The Catholic church is getting a lot of criticism since the remains of 215 Indigenous children were discovered using ground-penetrating radar outside a boarding school in Kamloops, British Columbia. Remember, the schools were doing exactly what the Canadian government and the majority white culture wanted them to do: forcing native kids to assimilate into modern life by obliterating their backgrounds.
"The whole point was to erase their Indigenous identities," says a University of Alberta professor quoted in the article below. The 2015 report of a government Truth and Reconciliation Commission (I believe that's Canadian for "OMG, how bad was it?!") said that the system was "cultural genocide." To date, the Canadians have spent $1.6 billion in reparations to the survivors.
I'm bemused at how we today tend to think we would have been like the Kevin Costner character in Dances with Wolves -- you know, smarter, wiser, more savvy at child development than the population-at-large back then.

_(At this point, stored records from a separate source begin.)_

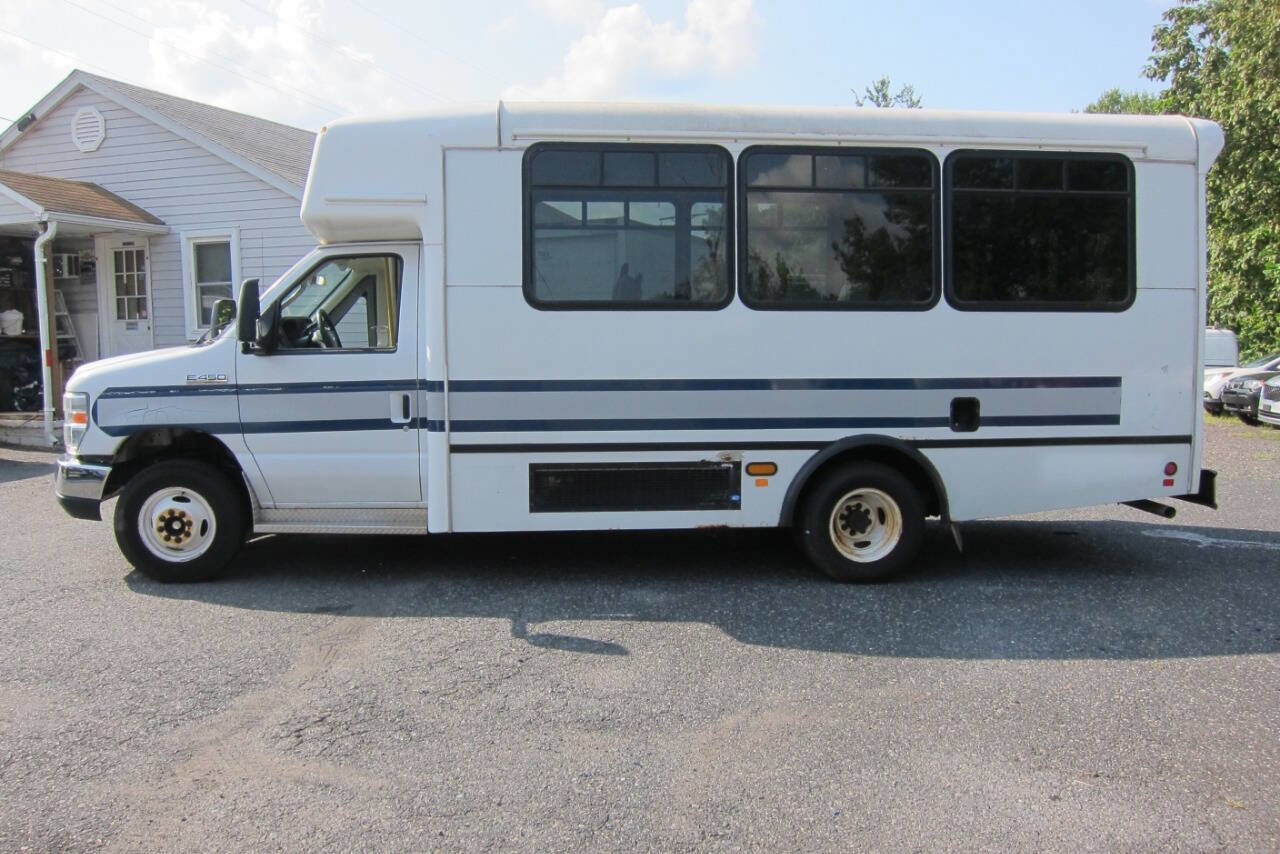 Used 2014 Ford E-450 and Econoline 450 Super Duty w/ Shuttle Bus Prep Package image 8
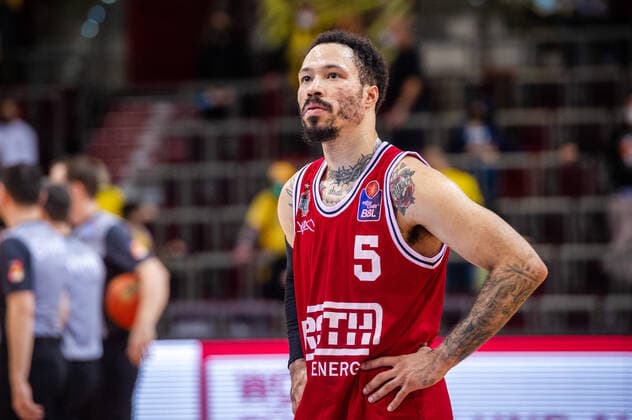 Kyan Anderson JobStairs Giessen 46ers 5 Disappointed at the BBL game MHP Riesen Ludwigsburg JobStairs Giessen 46ers on 29 12 2021 in Ludwigsburg MHPArena Germany Ludwigsburg 29 12 21 Basketball , 29 12 2021, Ludwigsburg Germany xpxsdx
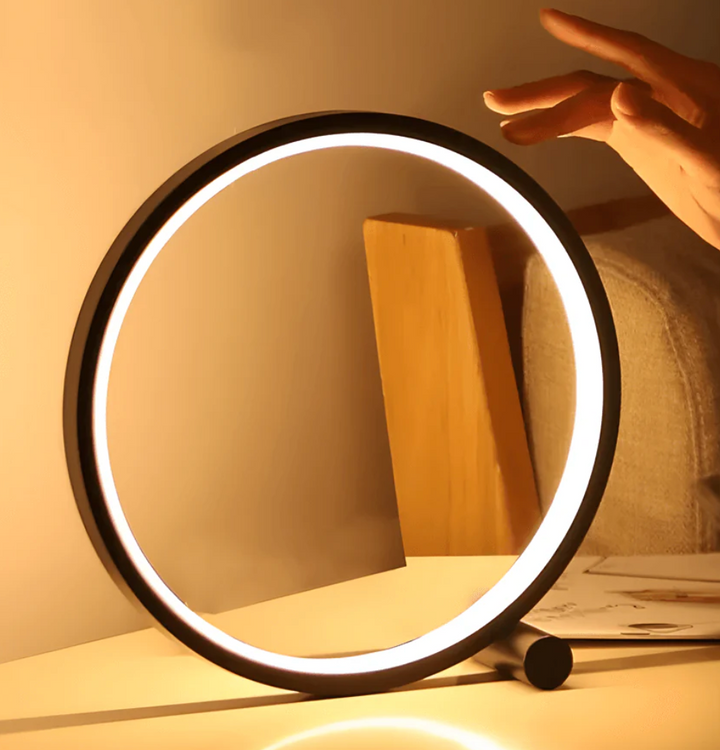 Skanto | Frendorf - Minimalistisk bordlampe med berørings- og dimmefunksjon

I think that in any era, an individual would draw the line at the casual tolerance of the high death rate for these children -- if bystanders had known of it. But not even the children's families knew of their deaths. Because they were undervalued as who they were, these kids died of abuse, neglect, poor health care, and accidents.
Still, the idea that assimilation is a good thing -- even at the cost of breaking children away from their families -- was inescapable back then. Would we, today, have done a better job of helping these kids? I'd like to think so, but frankly, I'm unsure.